Ma anche la mia resistenza aveva un limite. Ad un certo punto non potei più tergiversare. Ripresi violentemente la sua verga nella mia bocca e cominciai a succhiarla avidamente. Prigioniera tra la mia lingua, aperta in tutta la sua larghezza ed accartocciata a contenerla tutta, ed il mio labbro superiore che ne saggiava la vellutata morbidezza, produssi un costante andirivieni che si trasmetteva alla pelle del suo prepuzio. Il suo frenulo, sollecitato dalle rugose papille della mia lingua, trasmise agli altri organi coinvolti i suoi impulsi erotici e Mauro, improvvisamente, sprizzò dentro la mia bocca le delizie del nettare che aveva fino ad allora contenuto nei testicoli, inondando l’interno delle mie guance, la mia ugola, le mie tonsille, le cavità sublinguali.
Era un fiume in piena che deliziava la mia cavità riarsa dalla lunga slinguata. Assaporavo quel miele che sapeva di selvaggio, e mi sentivo colmo di ogni felicità. Bevvi tutto quel ben di Dio, poi succhiai tutto quel che era rimasto attaccato al suo glande, leccai la sua verga in ogni centimetro di pelle e la resi tersa e pulita come era stata prima di entrare nella mia bocca.
Ma non fui soddisfatto.
Dopo averlo fatto riposare un poco, affinché recuperasse le sue energie, ripresi ad accarezzare delicatamente la sua verga. Piano piano riprese forza e vigore. I corpi cavernosi, prima del tutto svuotati e flosci, ripresero tono e tornarono a rigonfiarsi. Dopo una decina di minuti era nuovamente pronto per essere accolto dalla mia bocca avida.
Lo inondai di saliva. Lo succhiai, lo accarezzai con la lingua in ogni sua parte, in ogni verso possibile. Quando mi accorsi che era tornato pulsante e prepotente come all’inizio della serata, mi misi a cavalcioni su Mauro facendo in modo che il suo membro trovasse l’orifizio ancora inviolato nascosto tra le mie natiche. Sapevo che avrei sentito un male boia, ma il desiderio di far godere fino all’inverosimile il mio compagno, il mio grande amore, ormai, rendeva piacevole l’idea di potergli offrire anche il mio dolore fisico.

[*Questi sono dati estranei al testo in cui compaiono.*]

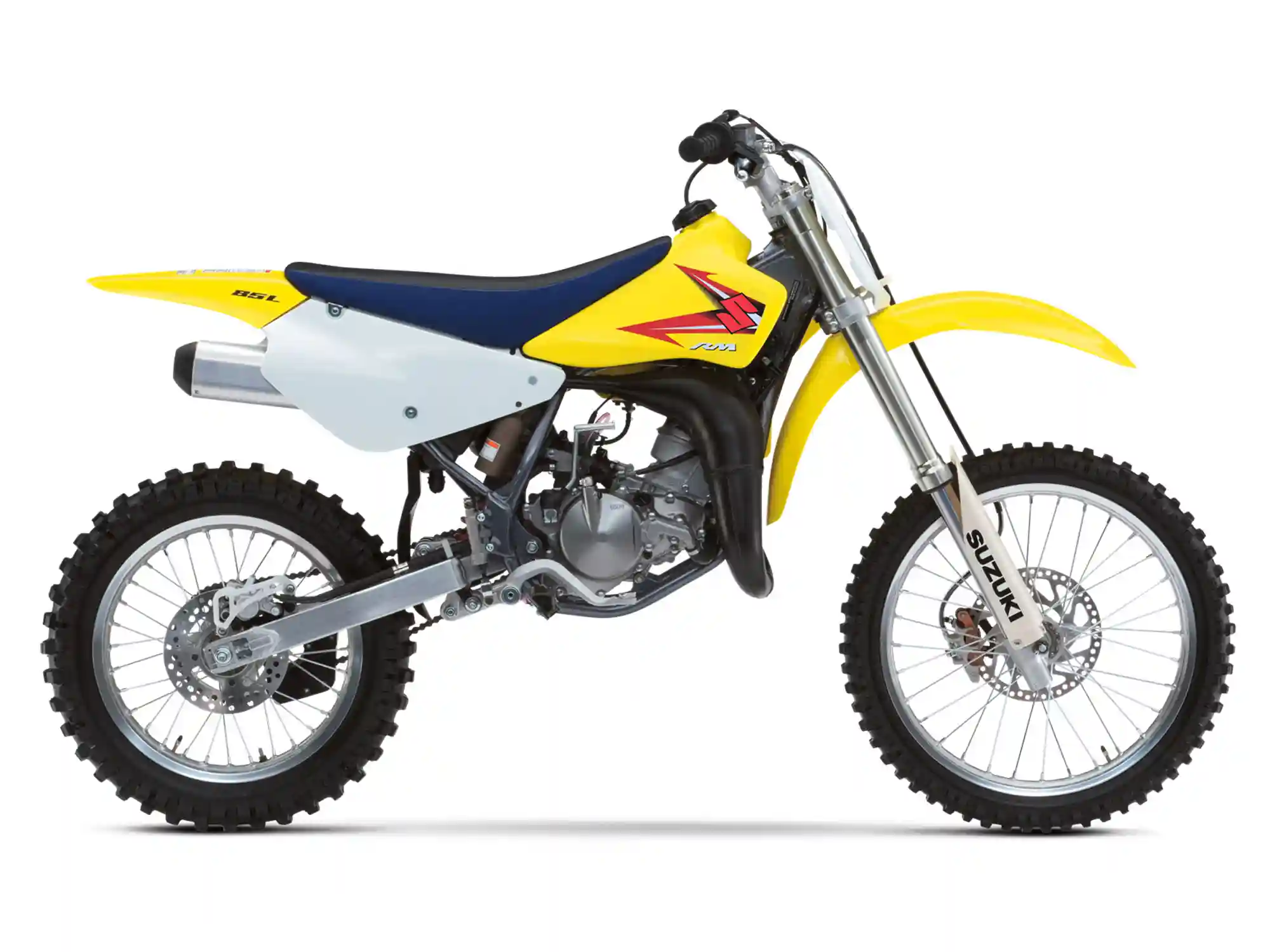 Suzuki RM85L 2013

Mi abbassai lentamente, facendo poggiare la punta del suo membro proprio sul buco; così come mi ero posto, a cosce spalancate, ero sicuro che avrei agevolato la penetrazione. Mi abbassai ancora, con decisione: il suo glande, lubrificato dalla crema e dalla mia saliva, penetrò con estrema facilità e con estrema dolcezza nelle mie viscere. Il mio pensiero è corso in quel momento a D’Annunzio: “e alfin provai ciò che la donna prova!”.